_The data:_

===============

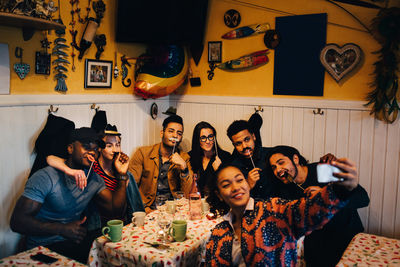 Young woman taking selfie with cheerful multi-ethnic friends holding props while sitting at restaurant during dinner par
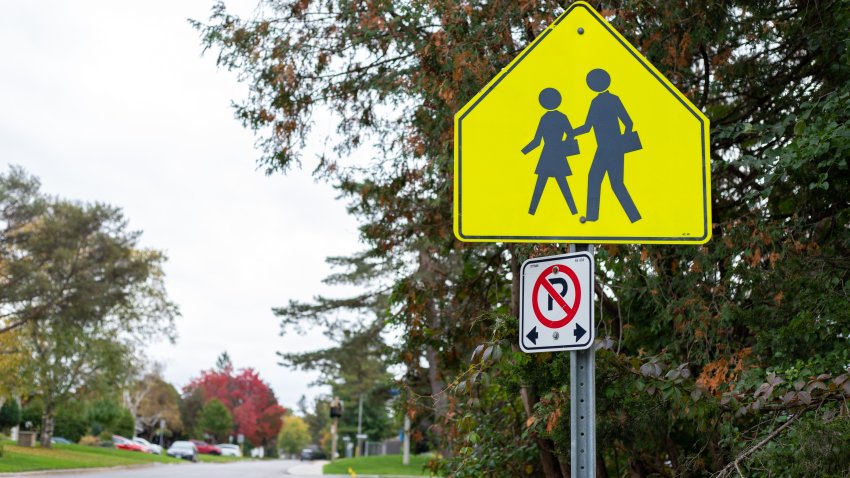 Yellow school crossing ahead sign on road near a school zone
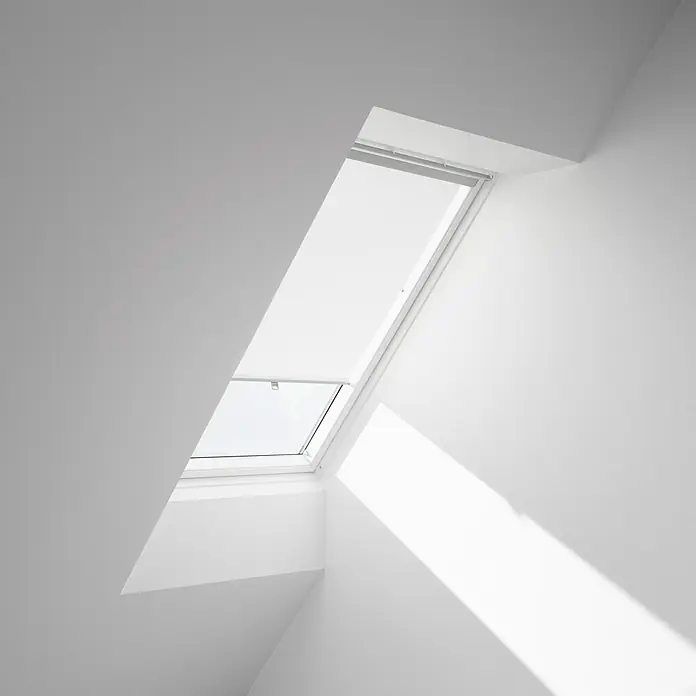 Velux Dachfensterrollo Haltekrallen RHL MK00 1028 - Farbe: Weiß - 1028, Farbe Schiene: Aluminium, Manuell - Ein Dachfenster in einem weißen Raum, das natürliches Licht hereinlässt und die Architektur betont.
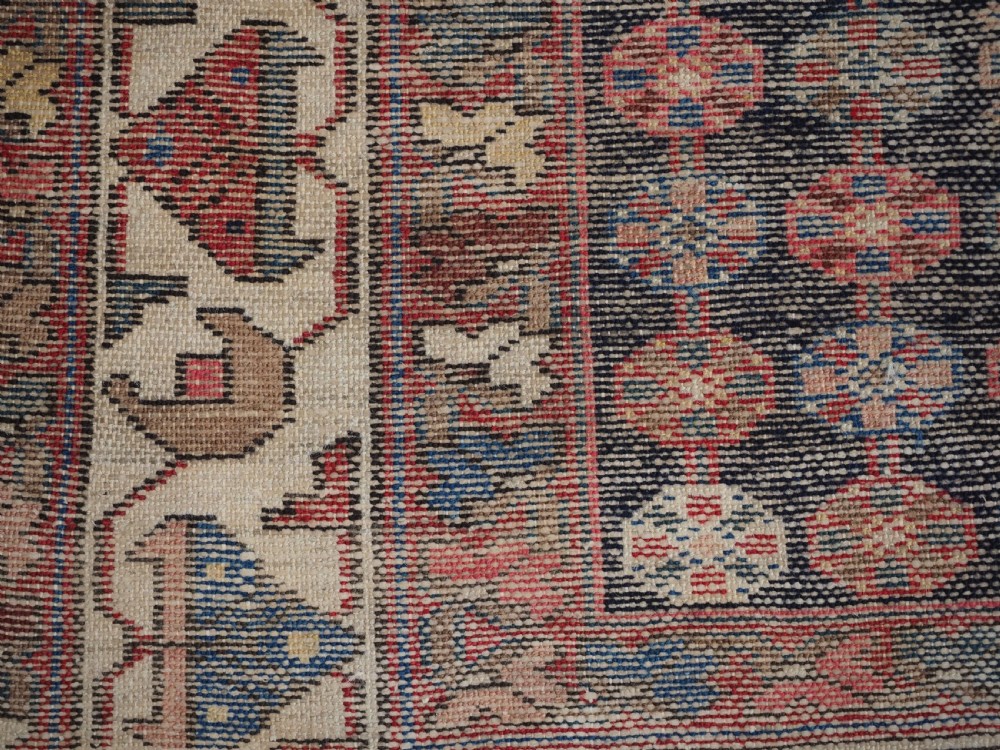 An antique hand-knotted Persian Mazlaghan wool rug featuring a central camel-coloured medallion on a red stepped field with dark blue rosette borders. View VIII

===============

_Required work:_
Find the line with "Velux Dachfensterrollo Haltekrallen" in the listing and extract it and all lines after it through the end, exactly, without the pictures.

_Task output:_
 Velux Dachfensterrollo Haltekrallen RHL MK00 1028 - Farbe: Weiß - 1028, Farbe Schiene: Aluminium, Manuell - Ein Dachfenster in einem weißen Raum, das natürliches Licht hereinlässt und die Architektur betont.
 An antique hand-knotted Persian Mazlaghan wool rug featuring a central camel-coloured medallion on a red stepped field with dark blue rosette borders. View VIII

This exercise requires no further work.